Wymiennik kupiłem w Klingenburg'u w Mielcu. Dla mojego niedużego domu kupiłem GS-K 25/300 za 550 + 15 wysyłka.

----------


## aniakicia

dom, projekt indywidualny, 240m2
płyta wylana ok 1. 10 2013
SSO z położoną dachówką: ok. 8.12.2013

więc od maja do zimy zdążysz jeśli wszystko zagra
powodzenia

----------


## ufbufkruf

Pojawiła się kolejna zagwozdka. 
Według projektu mój garaż i garaż sąsiada muszą do siebie przylegać co można zobaczyć na rysunku poniżej:

Ma wyglądać to tak: 
ściana sąsiada | 5 cm styropianu | hydroizolacja | moja ściana fundamentowa 
W jaki sposób wykonać tu hydroizolacje ?

----------


## Daniellos_

> W jaki sposób wykonać tu hydroizolacje ?


 Folia 0.3?

----------


## ufbufkruf

Kurcze tak proste rozwiązanie a człowiekowi nie przyszło do głowy. Odkryłem dziś część fundamentu sąsiada, izolację pionową robił folią i powiem wam że jest w strasznym stanie...  
Ale z drugiej strony ja bym dawał styro a nie zasypywał to ryzyko przerwania minimalne.

----------


## ufbufkruf

W sobotę zgodnie z planem na działce zawitała koparka. 

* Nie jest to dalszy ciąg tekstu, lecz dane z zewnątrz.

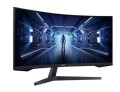 Samsung Monitor 34 cale LC34G55TWWPXEN VA 3440x1440 Ultra WQHD  21:9 format kinowy 1xHDMI/1xDP 1 ms (MPRT) zakrzywiony 165Hz Gaming 2 lata d2d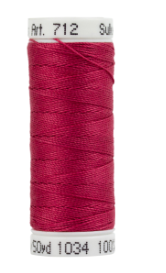 712-1034 Burgundy Sulky 12 wt. Cotton Petites 50 Yard Spool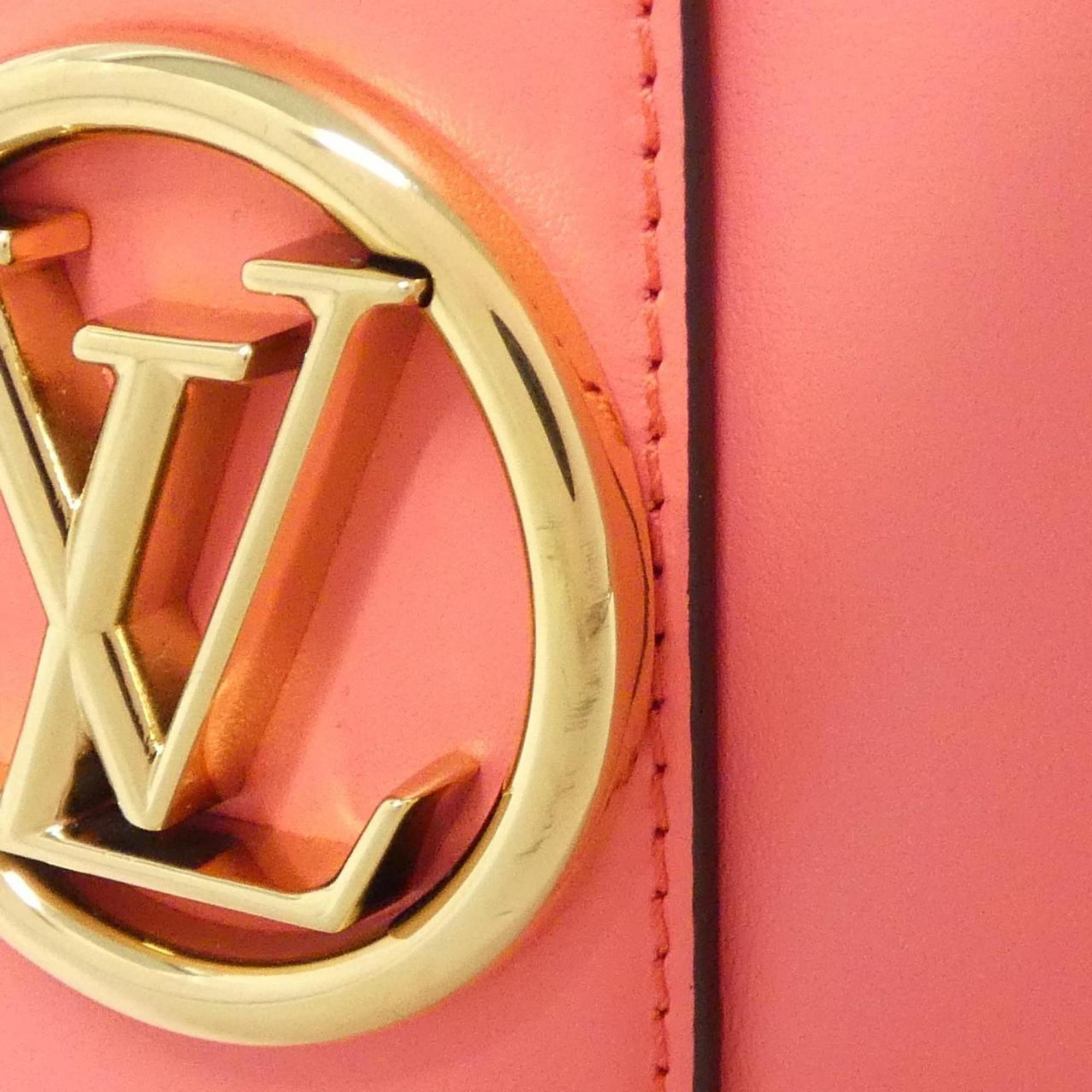 Louis Vuitton Dahlia Pink Leather Shoulder Bag (Pre-Owned)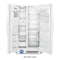 Whirlpool WRS555SIHW Side By Side Refrigerators White – Official Product Photo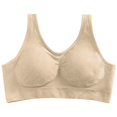 thumbnail image 5 of PNTUTB Women's Comfort Bra Seamless Removable Pad Sleep Bra Yoga Bra Sports Bra Gathering & Lifting, 5 of 6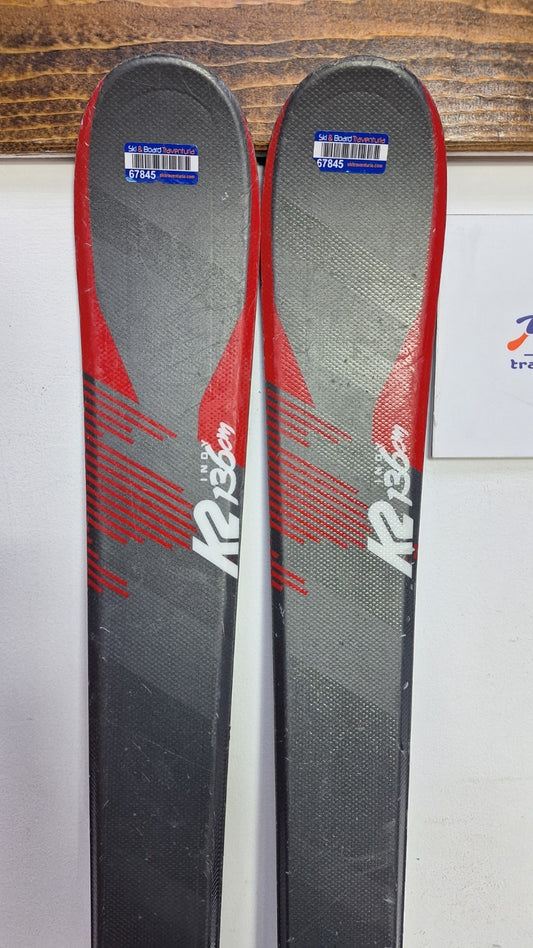 K2 Indy 136cm Ski + Marker 4.5 Bindings Winter Sport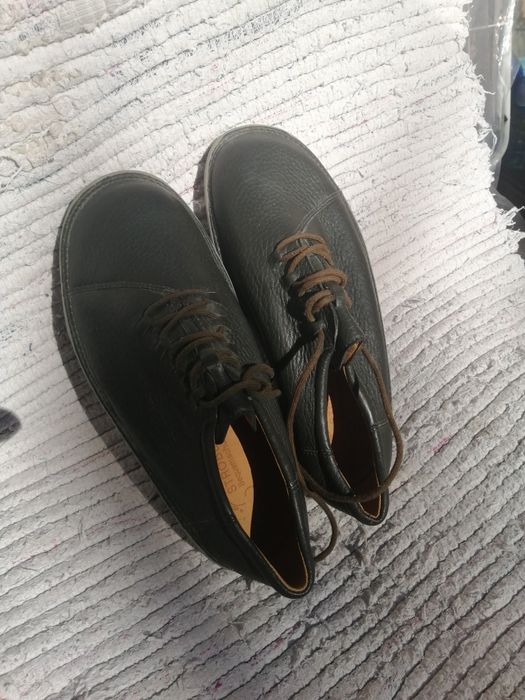 Sapatos mulher pele atacadores Strober verde escuro 37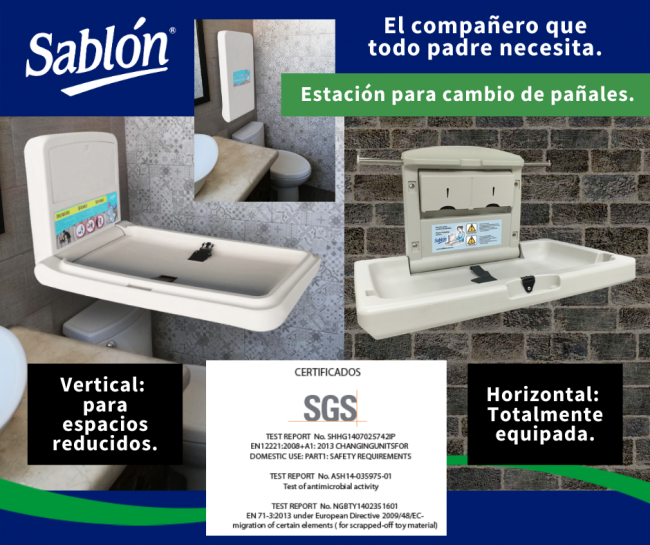 Cambiador de pañales y cambiador de bebés Sablón Cambiador de pañales y cambiador de bebés Sablón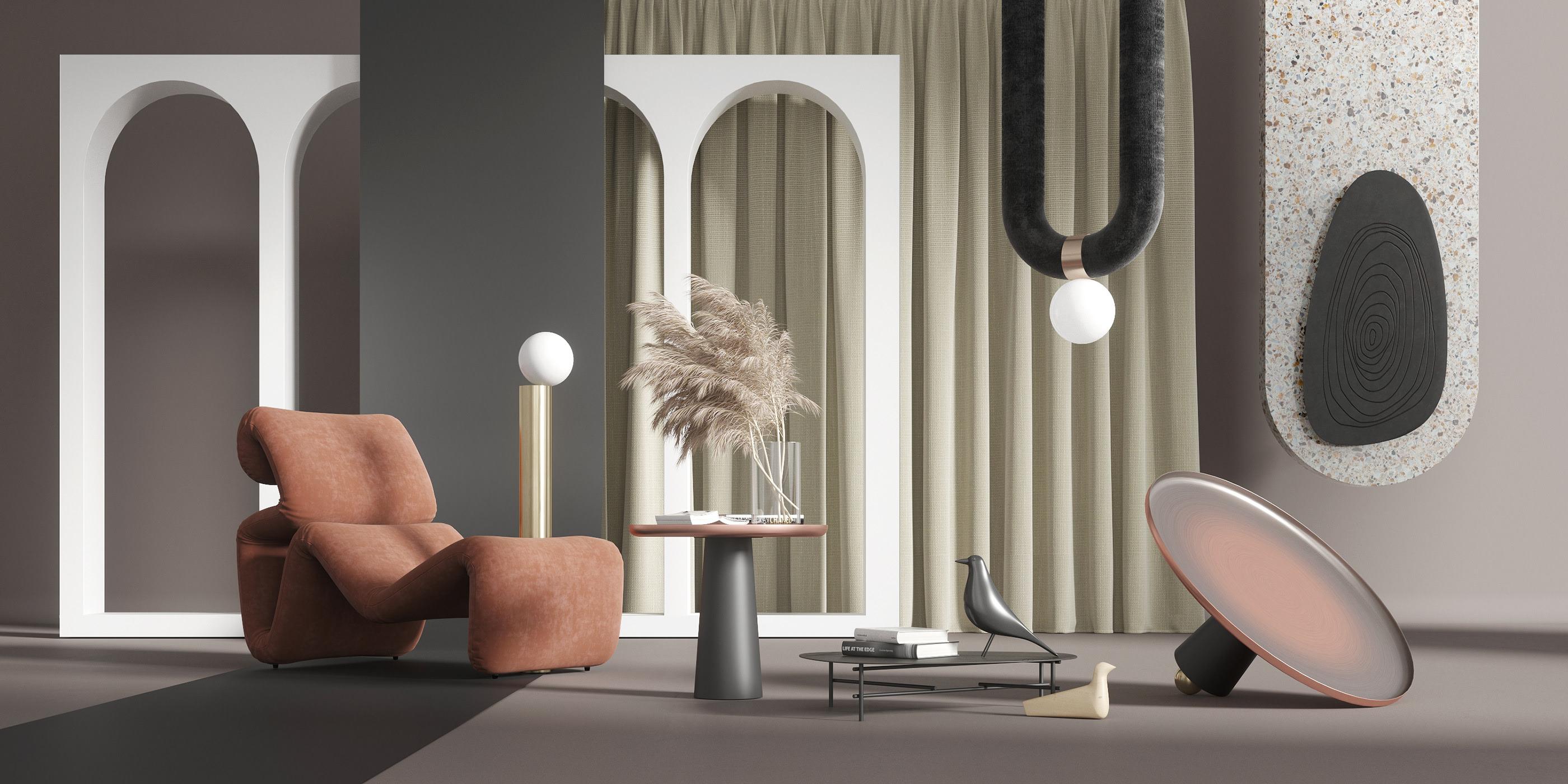 ibragimova擅长将视觉艺术与产品艺术融合到极致,各种经典款网红家具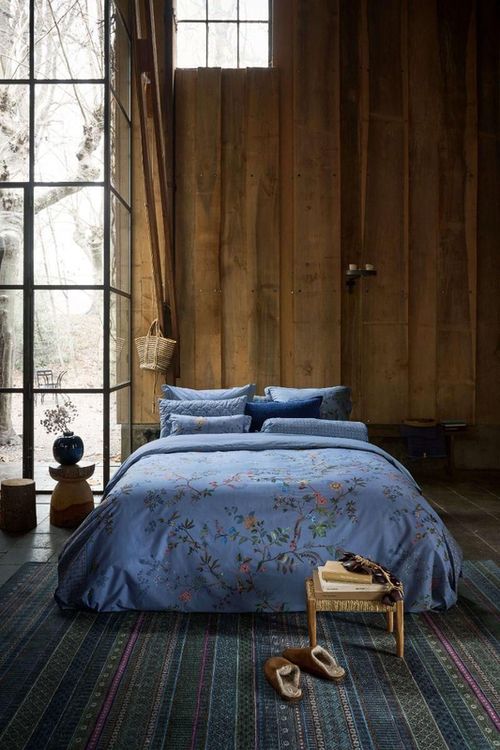 купить Домашний текстиль Pip Studio 332267 Bustani Blue 200x200/220 в Кишинёве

Niestety pomimo zapewnień szefa firmy, że te gabaryty będą wystarczające po ponad 5 godzinach odpuściliśmy i umówiliśmy się na poniedziałek ze sprzętem większego kalibru. Ale dzień nie był stracony bo podjechał geodeta i wytyczył dokładnie działkę dzięki czemu mogliśmy wziąć się za wyznaczanie ogrodzenia tymczasowego.

W poniedziałek na działce zawitał ciężki sprzęt i robota ruszyła mocno do przodu

Chłopaki zaczęli o 6.30, a o 9 dół był już gotowy, a że nie jest mały zrobiliśmy do niego schody

----------


## ufbufkruf

W dniu wczorajszym jeszcze geodeta wytyczył budynek, a my wyznaczyliśmy ławy fundamentowe. Zdjęcia wrzucę później bo jakiś taki zapiernicz był i nie zrobiłem :wink:

----------


## Daniellos_

> Odkryłem dziś część fundamentu sąsiada, izolację pionową robił folią i powiem wam że jest w strasznym stanie...


Tzn porwana?

Ja kupiłem na alle folię 0.3 z atestem (to ważne), nie jakieś typ300 i jest na prawdę gruba i sztywna. W rękach się jej nie rozerwie i nawet brutalne przysypywanie ziemią jej nie straszne.

----------


## ufbufkruf

Jutro postaram się strzelić foto tej foli, tak chodzi mi o to że strasznie się porwała, ale wygląda mi to na to, że był nią wyłożony  wykop i napór betonu załatwił sprawę. 
Geodeta swoje zrobił, kierownik budowy pojawił się skontrolował głębokość i przede wszystkim rodzaj podłoża pod fundament. Po akceptacji wyżej wymienionego zaczęliśmy deskować ławy.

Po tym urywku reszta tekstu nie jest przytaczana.